- PROBLEM TO SOLVE -
An exact copy is required of every line from the one with "kitchen featuring appliances" through the end of the data below, and the pictures must stay out of it.

- DATA -
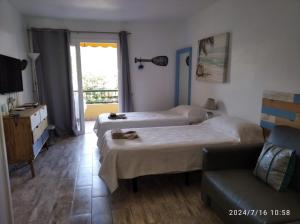 阿罗纳Appartamento los cristianos torres del sol的一间酒店房间，配有两张床和一张沙发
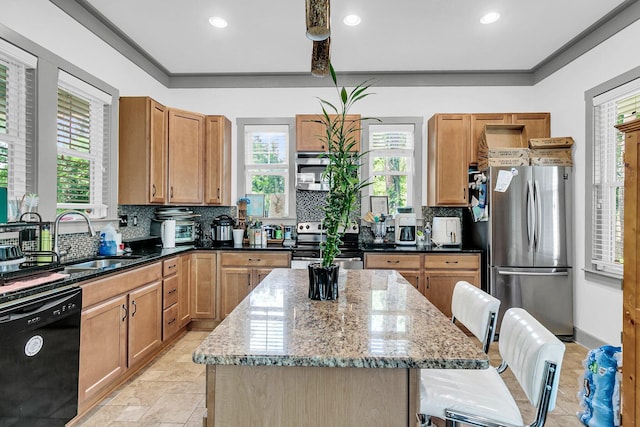 kitchen featuring appliances with stainless steel finishes, light stone counters, a center island, and decorative backsplash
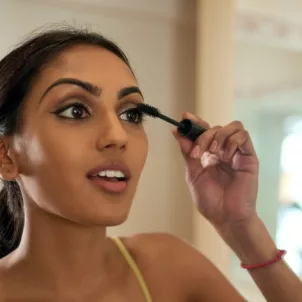 Indian woman applying mascara carefully in the mirror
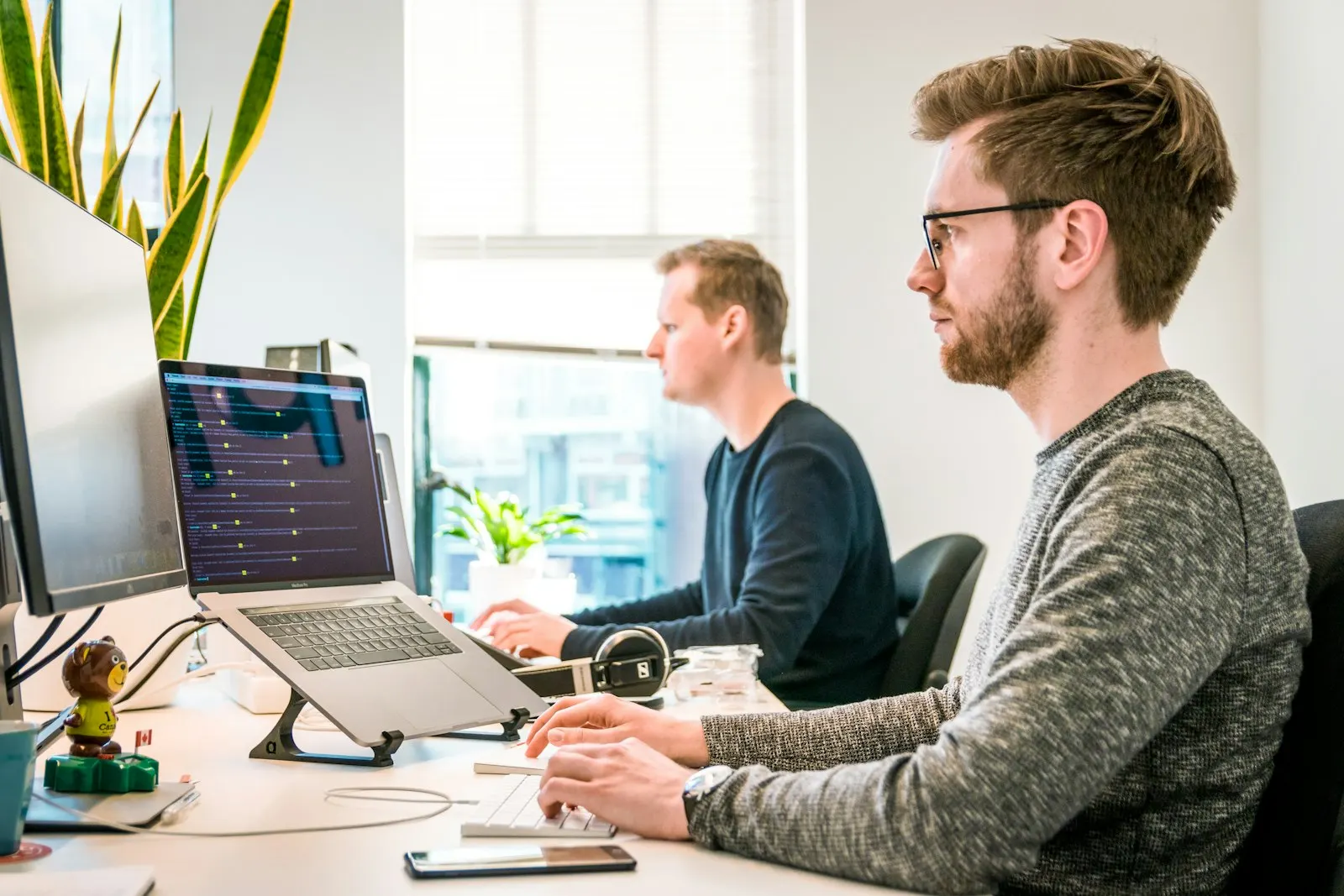 Two Flutter developers working side by side at their desks in a bright office.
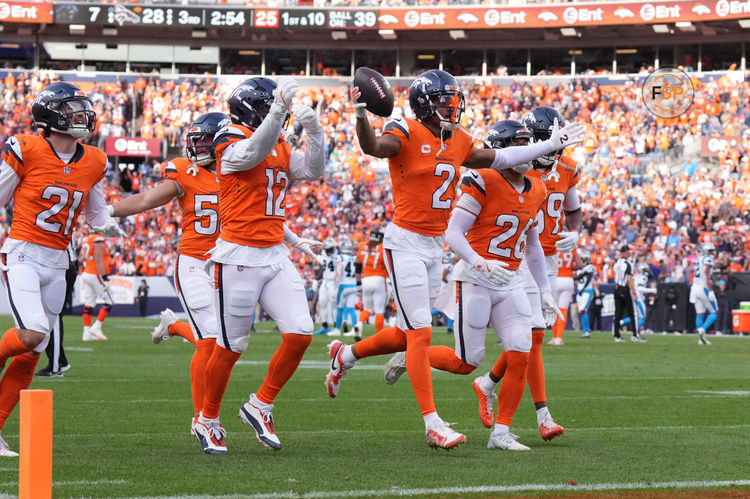 Oct 27, 2024; Denver, Colorado, USA; Denver Broncos cornerback Pat Surtain II (2) celebrates his interception with linebacker Kwon Alexander (12) and cornerback Riley Moss (21) and safety Devon Key (26) in the second half against the Carolina Panthers at Empower Field at Mile High. Credit: Ron Chenoy-Imagn Images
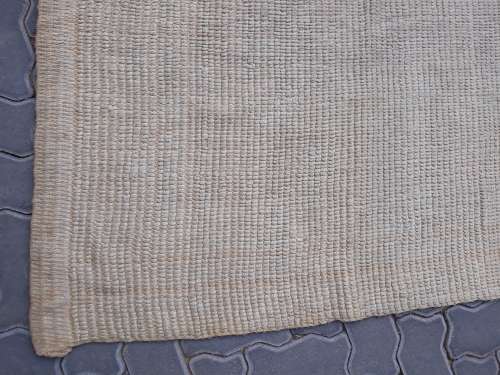 A large beige coloured wool carpet
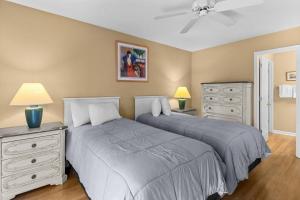 a bedroom with two beds and a ceiling fan at 2 Bedroom Golf Villa in Pawleys Island in Pawleys Island +16 photos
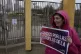 A Los Angeles Unified School District teacher holds a sign d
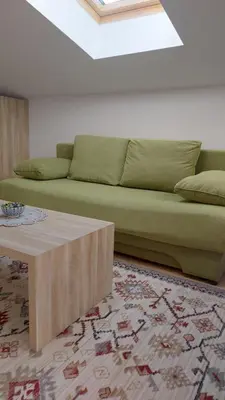 a living room with a green couch and a coffee table at Apartment XYZ Vlašić in Vlasic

- ANSWER BOX -
 kitchen featuring appliances with stainless steel finishes, light stone counters, a center island, and decorative backsplash
 Indian woman applying mascara carefully in the mirror
 Two Flutter developers working side by side at their desks in a bright office.
 Oct 27, 2024; Denver, Colorado, USA; Denver Broncos cornerback Pat Surtain II (2) celebrates his interception with linebacker Kwon Alexander (12) and cornerback Riley Moss (21) and safety Devon Key (26) in the second half against the Carolina Panthers at Empower Field at Mile High. Credit: Ron Chenoy-Imagn Images
 A large beige coloured wool carpet
 a bedroom with two beds and a ceiling fan at 2 Bedroom Golf Villa in Pawleys Island in Pawleys Island +16 photos
 A Los Angeles Unified School District teacher holds a sign d
 a living room with a green couch and a coffee table at Apartment XYZ Vlašić in Vlasic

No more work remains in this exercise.